Çoğunlukla İstanbul Üniversitesi ile beraber, işin uzmanlarından eğitim alacağız. Eğitim ihtiyacı hisseden öğretmenlere kapımız açık. Gönüllü olduğu için daha çok öğretmenin başvuracağını düşünüyoruz. Zorunlu değil. Bu ilk adım. İlk yıl her akademiye 40’ar, 50’şer öğretmen almayı planlıyoruz. Benim dertli olduğum bir konu Türkiye’de müzik pedagojisi yok ve bu eğitimi de yanlış yapıyoruz. Müzik eğitimine başlanması gereken yaşlarda bunu vermiyoruz maalesef. Müzik ağırlıklı bir ilkokul, ortaokul ve müzik lisesi olsun istiyoruz. Çünkü piyano, kanun, keman virtüözü o yaşlarda başlayınca olunuyor. 15-20 yaştan sonra olmuyor.
ALT ENSTİTÜLER OLACAK
Bilim akademisinde alt enstitülerimiz olacak. Örneğin sosyal bilimler enstitüsü. Öğretmenler kongre, sempozyum, çalıştayın nasıl yapılacağını öğrenecek. Bunları öğrenen öğretmenlerimiz, okulunda uygulayacak. Öğrenciye yöntemi vermenin en güzel yolu onu o yöntemin içine sokmaktır.
EN BÜYÜK AÇIK BİZDE
Geçen yıl itibariyle İstanbul’da 2 milyon 671 bin öğrencimiz, 5 bin 731 okulda eğitim gördü. Her yıl bu kentte yaklaşık 200 bin çocuk ilkokula başlıyor. İstanbul, Türkiye’nin bir prototipi. Yani nasıl Türkiye’nin doğusuyla, merkeziyle, başkentiyle, batısı arasında fark varsa İstanbul için de öyle.
İHTİYAÇLAR DEĞİŞİYOR
Beşiktaş, Üsküdar, Kadıköy, Bakırköy, Şişli gibi ilçelerimizde her şey olağan gidiyor ama buralarda nüfus azalmasından bahsedebiliriz.

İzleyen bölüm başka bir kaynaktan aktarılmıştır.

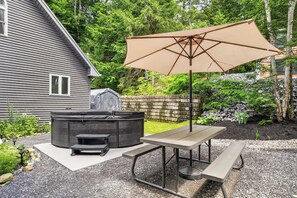 Outdoor dining - Big Pines Cabin- Belgrade Lakes Waterfront Retreat with Private Dock (Belgrade)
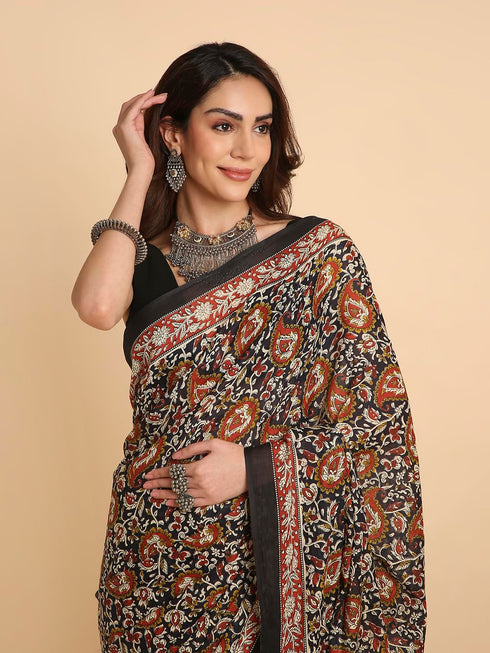 Vasthrlay Lightweight Breathable Traditional Printed Saree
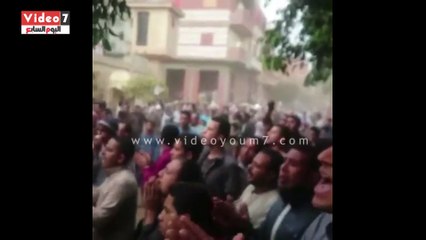 أهالى" شما المنوفية" يتجمهرون أمام نقطة الشرطة ويطالبون بالقصاص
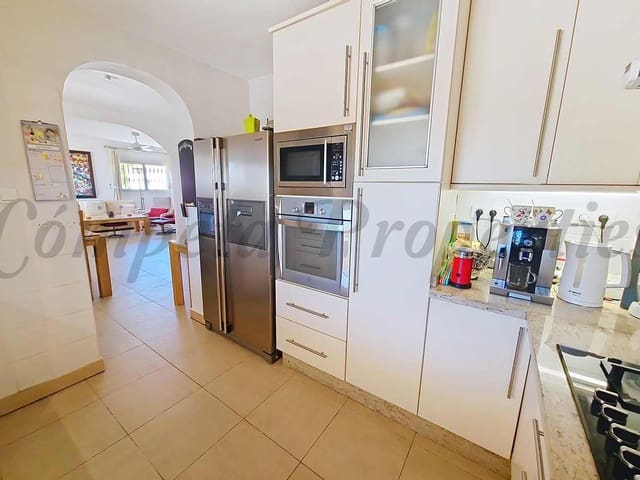 Image No.11-Villa de 4 chambres à vendre à Vélez-Málaga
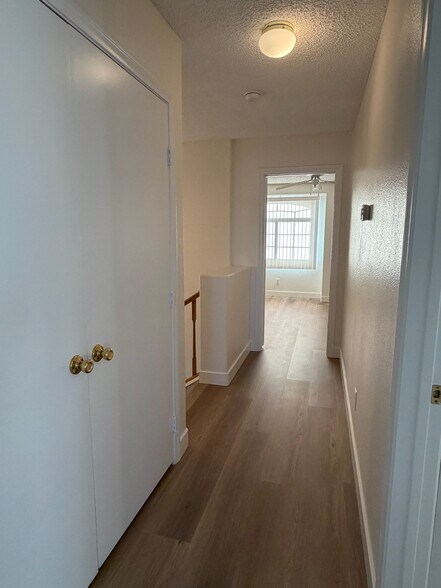 Building Photo - 3380 Stacey Lyn Dr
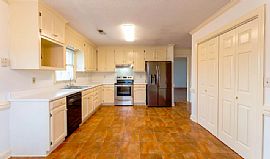 Beautiful 3 Bedroom House in Madison, AL (Photo 3 of 8)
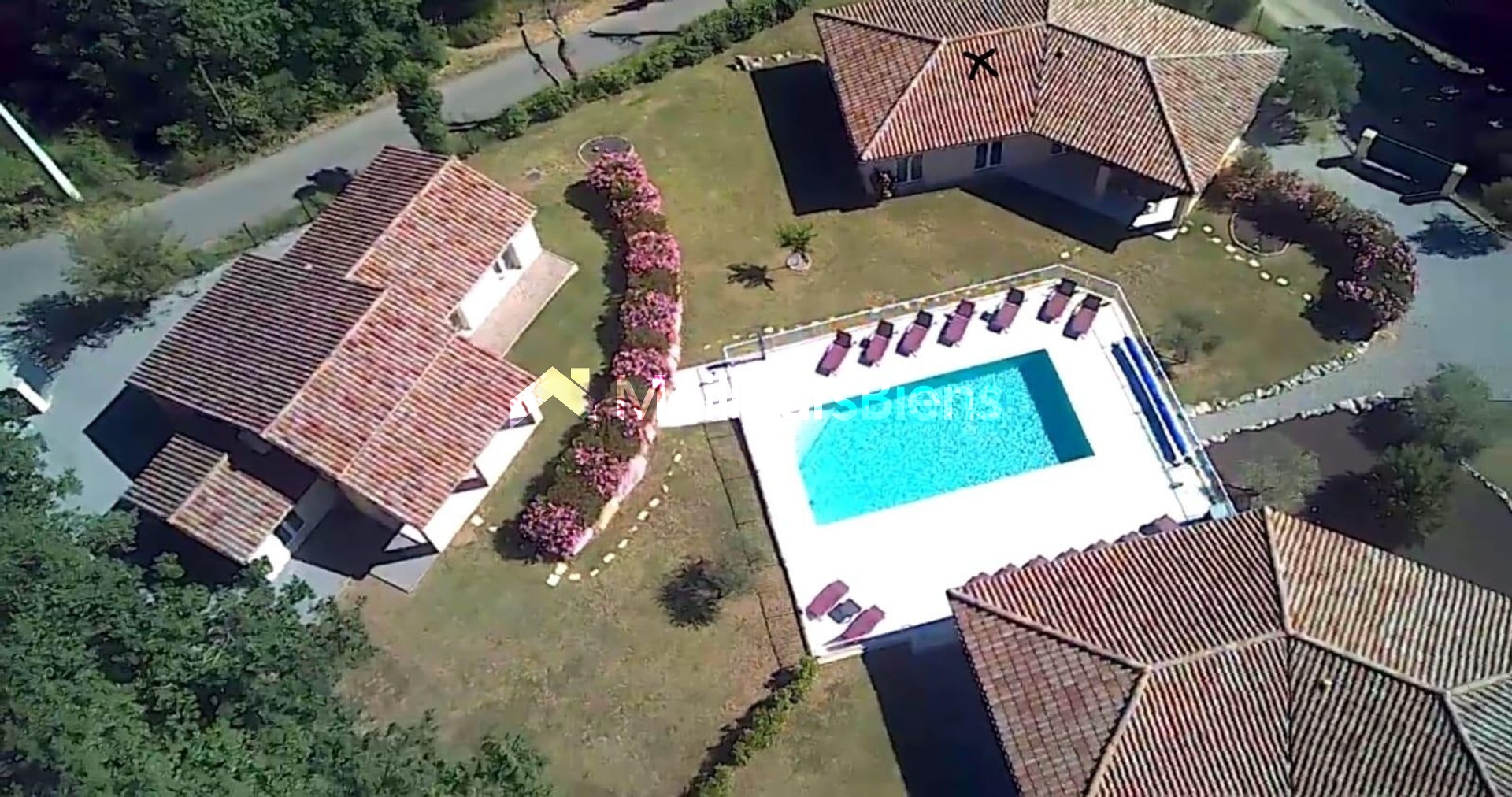 Magnifique maison moderne avec piscine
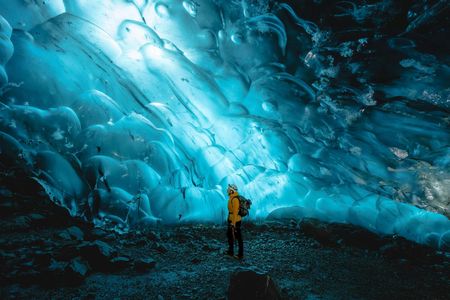 Crystal ice cave tour in Vatnajökull national park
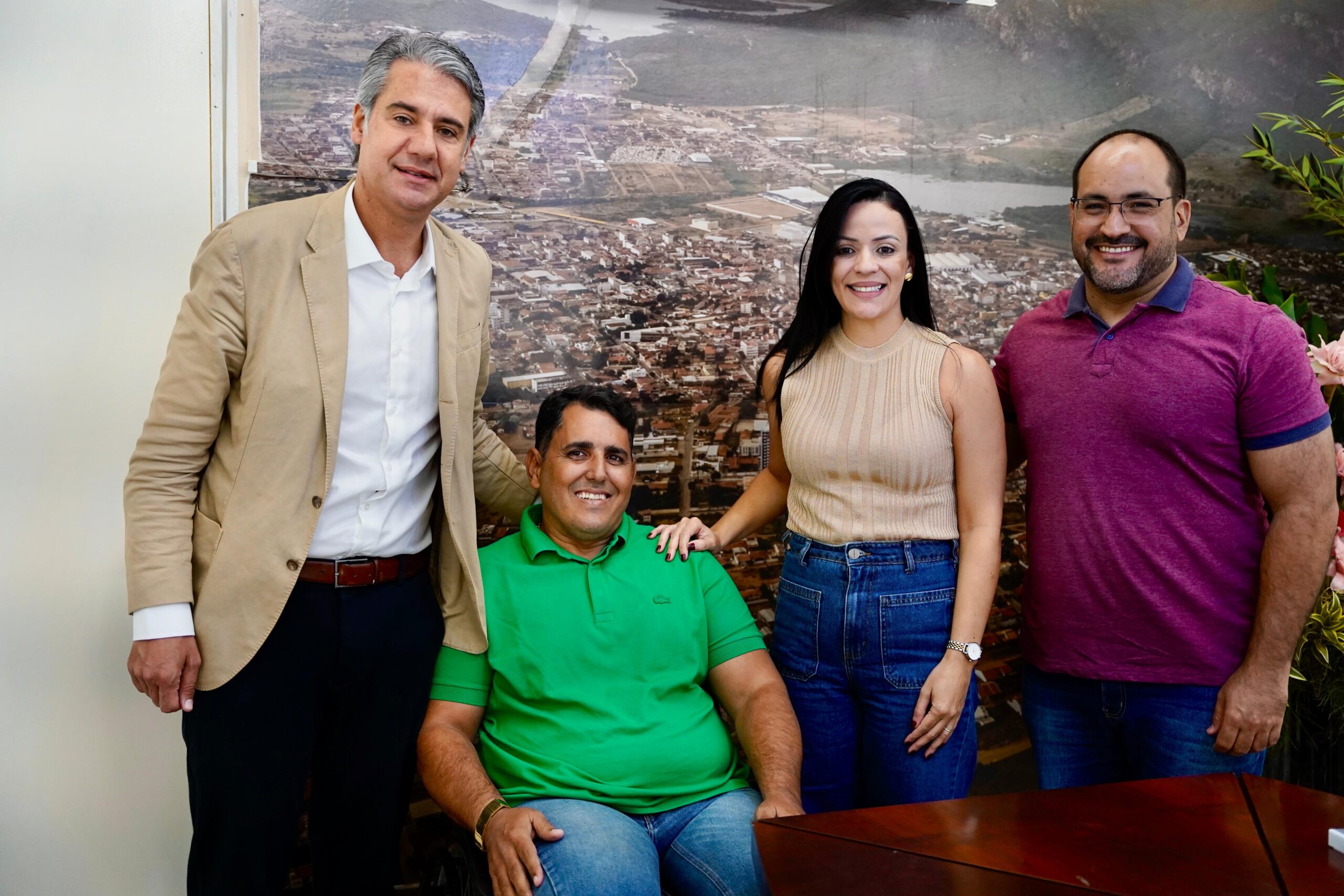 Do Avante, Leirson escanteia Waldemar por Monteiro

Fakat Sultanbeyli, Sultangazi gibi ilçelerde durum biraz daha değişik, burada da imkânsızlıklardan söz edebiliriz. Yani eğitim ihtiyaçları değişiyor aslında. Silivri, Büyükçekmece, Tuzla gibi şehrin sınırında olan ilçelerde de aslında her şey yerli yerine oturmuş, gayet düzgün bir şekilde işliyor. Bir de Bağcılar, Küçükçekmece gibi ilçeler var. En kalabalık ilçe Küçükçekmece, onu Bağcılar izliyor. İkili öğretimin olmadığı Kadıköy, Bakırköy, Beşiktaş gibi ilçeler de var. Öğrenci nüfusu artmıyor. Komşu ilçelerden öğrenci alıyorlar. Yaklaşık 57 bin derslik var İstanbul’da. Maliye Bakanlığı bize devredilen okullarla ilgili değerlendirmeler yapıyor. İlk etapta 40 okulun tescili yapıldı, yani Milli Eğitim Bakanlığı’na tahsis edildi.
El konulan okullardaki öğrenci sayısı 18 bin civarında. Bunların bir kısmı özel okullara, bir kısmı da devlete gidecek. Bize buradan 1.040 derslik kapasite geldi.
BİNA VE İNSAN KAYNAĞI SORUNU
Altyapı sorunlarından biri bina, biri de insan kaynağıyla ilgili. Öğretmen olmadan eğitim yapamazsınız. Herkes en büyük öğretmen açığının Doğu ya da Güneydoğu’da olduğunu sanıyor. Oysa en büyük öğretmen açığı İstanbul’da. Bir altyapı sorunumuz da bu ve Bakanlığımızın da takip ettiği bir husus.
ÇOCUKLARINIZI YETENEĞİNE GÖRE YÖNLENDİRİN
Veliler, çocuklarının ilgi ve yeteneklerini gözlemleyip, ona göre yönlendirsin, takip etsin. Türkiye’de maalesef yükseköğretime geçiş sistemi bu şekilde olduğu için hâlâ şunu rahatlıkla söyleyebiliriz, sınav merkezli bir eğitim sistemimiz var. Bu da kaygıyı, stresi ve öğrencilerimiz üzerindeki baskıyı sürekli artıran bir durum. Veli de etkilenince çocuğun üzerinde stres, kaygı oluşuyor. Faydalı, yeterli kaygı olmalı fakat çocuğu patolojik bir kaygı düzeyine çıkartmamalı. Ama şunu da özellikle belirtmek isterim ki, velinin okula katkısı maalesef bütün dünyada, Batı ülkelerinde de problem.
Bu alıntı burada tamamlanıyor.